Source records:
◆ ◆ ◆ ◆ ◆

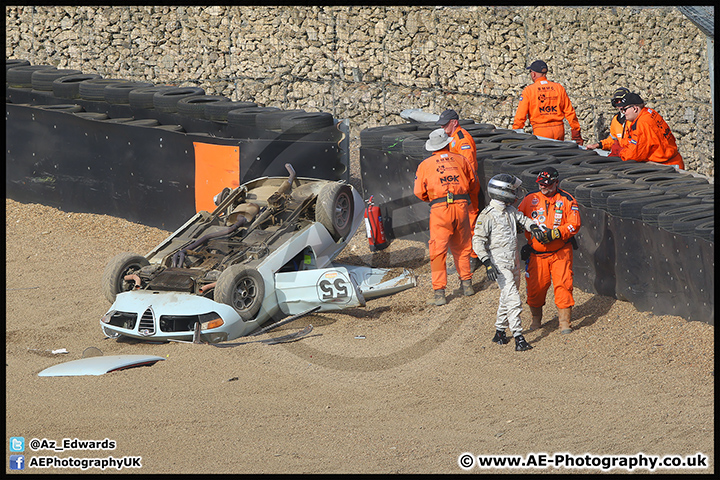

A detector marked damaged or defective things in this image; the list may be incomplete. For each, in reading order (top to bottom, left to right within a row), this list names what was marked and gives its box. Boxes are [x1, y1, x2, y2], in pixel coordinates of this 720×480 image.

overturned white race car [100, 164, 416, 342]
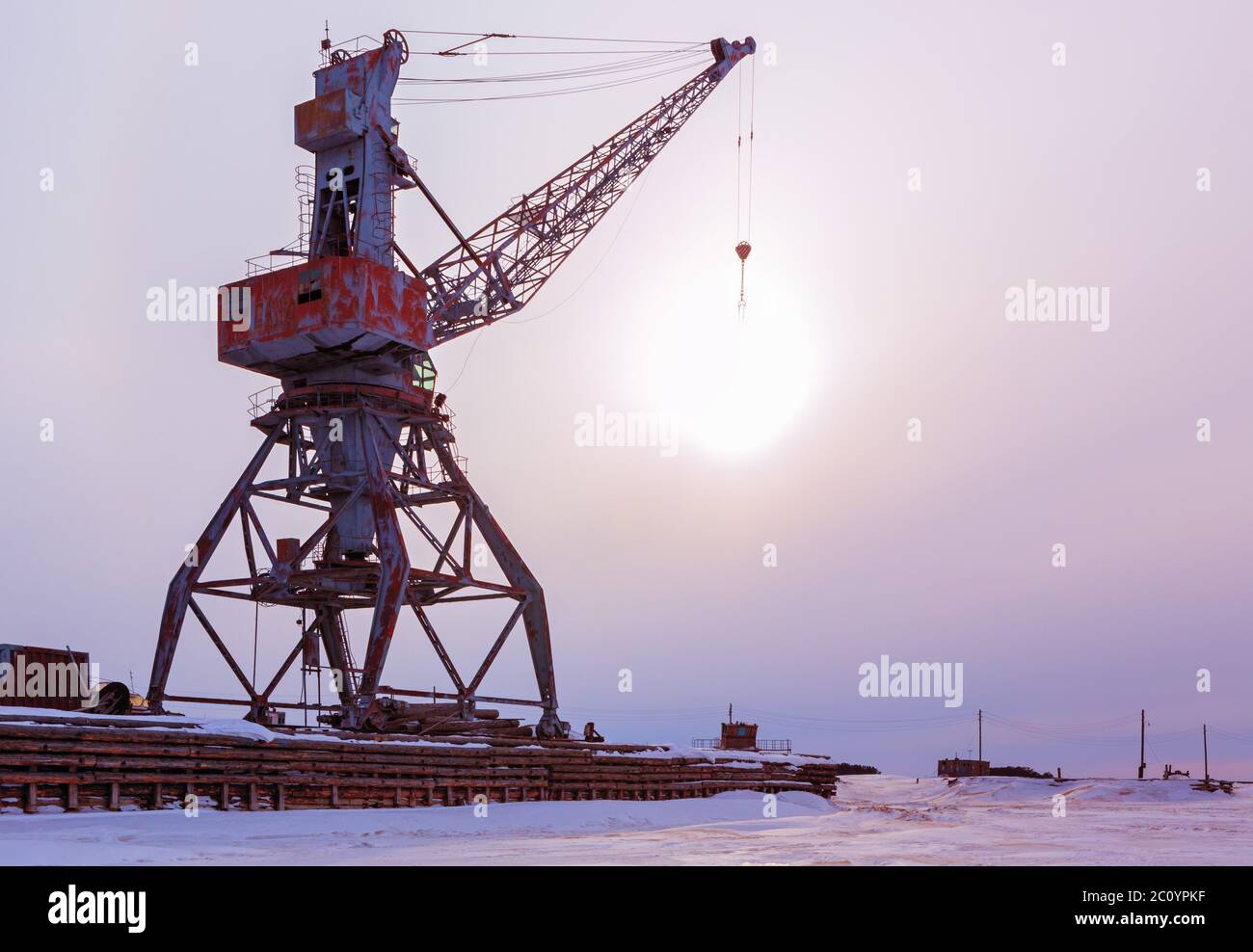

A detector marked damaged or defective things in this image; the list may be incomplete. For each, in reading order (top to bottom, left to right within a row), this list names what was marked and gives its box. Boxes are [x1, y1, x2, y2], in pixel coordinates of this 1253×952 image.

rusty red crane [147, 28, 752, 736]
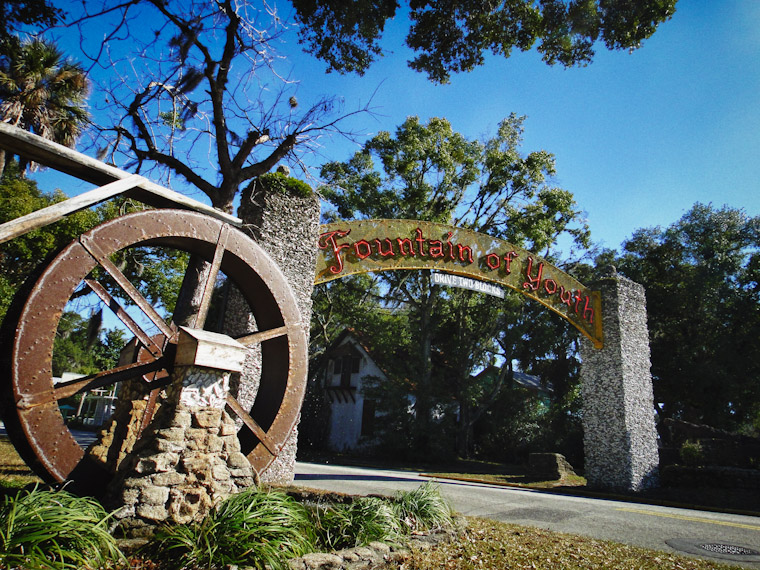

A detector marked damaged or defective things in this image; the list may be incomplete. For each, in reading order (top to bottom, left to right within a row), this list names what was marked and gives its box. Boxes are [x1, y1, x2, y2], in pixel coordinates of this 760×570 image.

rusted metal rim [1, 209, 308, 484]
rusty metal waterwheel [1, 206, 308, 490]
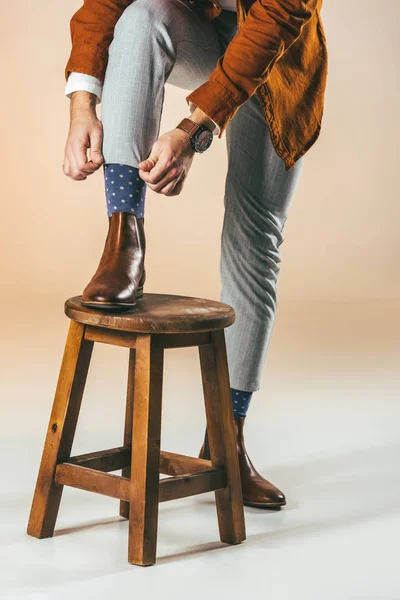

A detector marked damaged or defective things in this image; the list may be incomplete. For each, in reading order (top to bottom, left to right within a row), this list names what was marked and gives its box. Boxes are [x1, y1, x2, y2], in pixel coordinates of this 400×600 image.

rust linen jacket [65, 0, 328, 170]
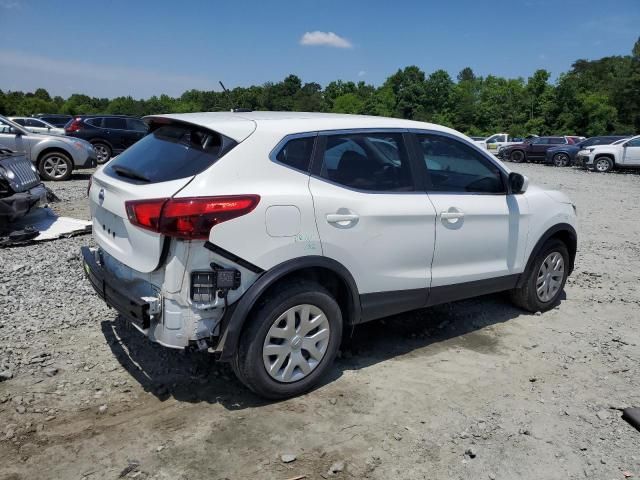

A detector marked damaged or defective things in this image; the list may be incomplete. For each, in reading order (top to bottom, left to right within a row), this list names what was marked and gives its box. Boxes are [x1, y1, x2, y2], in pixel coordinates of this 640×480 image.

damaged rear bumper [0, 184, 47, 223]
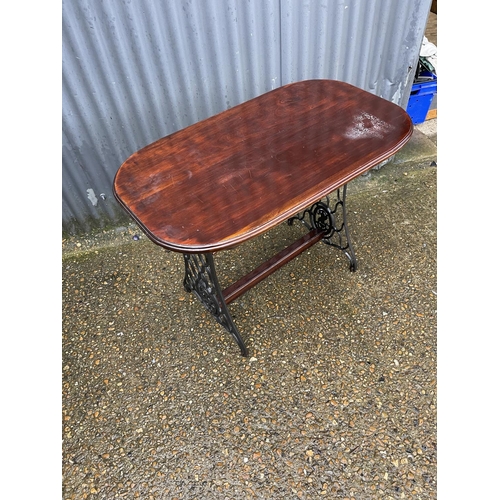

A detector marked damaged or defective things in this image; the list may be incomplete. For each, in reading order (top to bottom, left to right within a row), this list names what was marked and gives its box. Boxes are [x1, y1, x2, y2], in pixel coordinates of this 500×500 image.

rusty metal panel [61, 0, 430, 234]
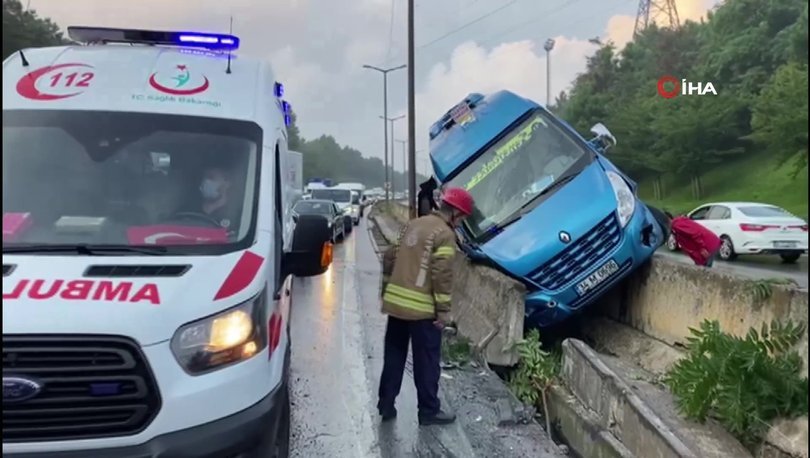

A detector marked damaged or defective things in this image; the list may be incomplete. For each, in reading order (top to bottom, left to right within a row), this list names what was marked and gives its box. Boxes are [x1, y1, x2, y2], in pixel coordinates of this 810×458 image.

damaged vehicle [430, 90, 664, 326]
crashed blue minibus [430, 90, 664, 326]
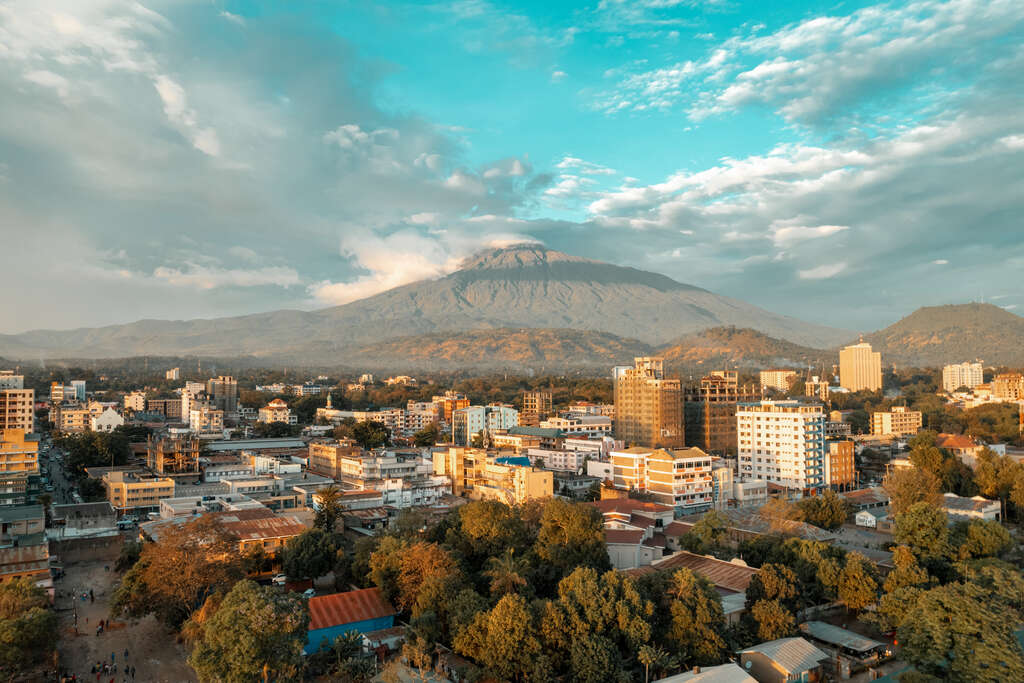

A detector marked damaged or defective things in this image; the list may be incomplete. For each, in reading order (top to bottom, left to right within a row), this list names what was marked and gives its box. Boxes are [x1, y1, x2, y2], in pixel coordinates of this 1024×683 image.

rusty roof [622, 548, 761, 593]
rusty roof [307, 589, 395, 630]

◆ ◆ ◆ ◆ ◆

> _About this exercise_: Omit the pictures and reproduce the records above exactly.

> _Output of the task_:
A detector marked damaged or defective things in this image; the list may be incomplete. For each, in reading order (top to bottom, left to right within a row), this list names what was marked and gives its box. Boxes are [x1, y1, x2, y2], in pixel coordinates of this 720×480 image.

overturned white race car [100, 164, 416, 342]

A detector marked damaged or defective things in this image; the list may be incomplete. For each, in reading order (top to bottom, left to right within a row), this list names what was marked and gives its box. Boxes are [x1, y1, x2, y2], in pixel coordinates of this 1253×952 image.

rusty red crane [147, 28, 752, 736]

A detector marked damaged or defective things in this image; the list may be incomplete. For each, in reading order (top to bottom, left to right within a row), this list names what was marked and gives its box. Boxes are [x1, y1, x2, y2], in pixel coordinates of this 760×570 image.

rusted metal rim [1, 209, 308, 484]
rusty metal waterwheel [1, 206, 308, 490]

A detector marked damaged or defective things in this image; the list may be incomplete. For each, in reading order (top to bottom, left to right within a row), this list names what was marked and gives its box. Boxes are [x1, y1, x2, y2], in pixel coordinates of this 400×600 image.

rust linen jacket [65, 0, 328, 170]

A detector marked damaged or defective things in this image; the list may be incomplete. For each, in reading order (top to bottom, left to right within a row), this list names what was marked and gives its box. Boxes are [x1, y1, x2, y2], in pixel coordinates of this 640×480 image.

damaged rear bumper [0, 184, 47, 223]

A detector marked damaged or defective things in this image; the list may be incomplete. For each, in reading order (top to bottom, left to right within a row), this list names what was marked and gives its box. Boxes are [x1, y1, x2, y2], in pixel coordinates of this 500×500 image.

rusty metal panel [61, 0, 430, 234]

A detector marked damaged or defective things in this image; the list may be incomplete. For each, in reading order (top to bottom, left to right within a row), this list names what was marked and gives its box. Boxes are [x1, y1, x2, y2], in pixel coordinates of this 810×458 image.

damaged vehicle [430, 90, 664, 326]
crashed blue minibus [430, 90, 664, 326]

A detector marked damaged or defective things in this image; the list may be incomplete. For each, in reading order (top to bottom, left to right within a row), this list names what was marked and gives its box. Boxes are [x1, y1, x2, y2], in pixel coordinates of this 1024×683 image.

rusty roof [622, 548, 761, 593]
rusty roof [307, 589, 395, 630]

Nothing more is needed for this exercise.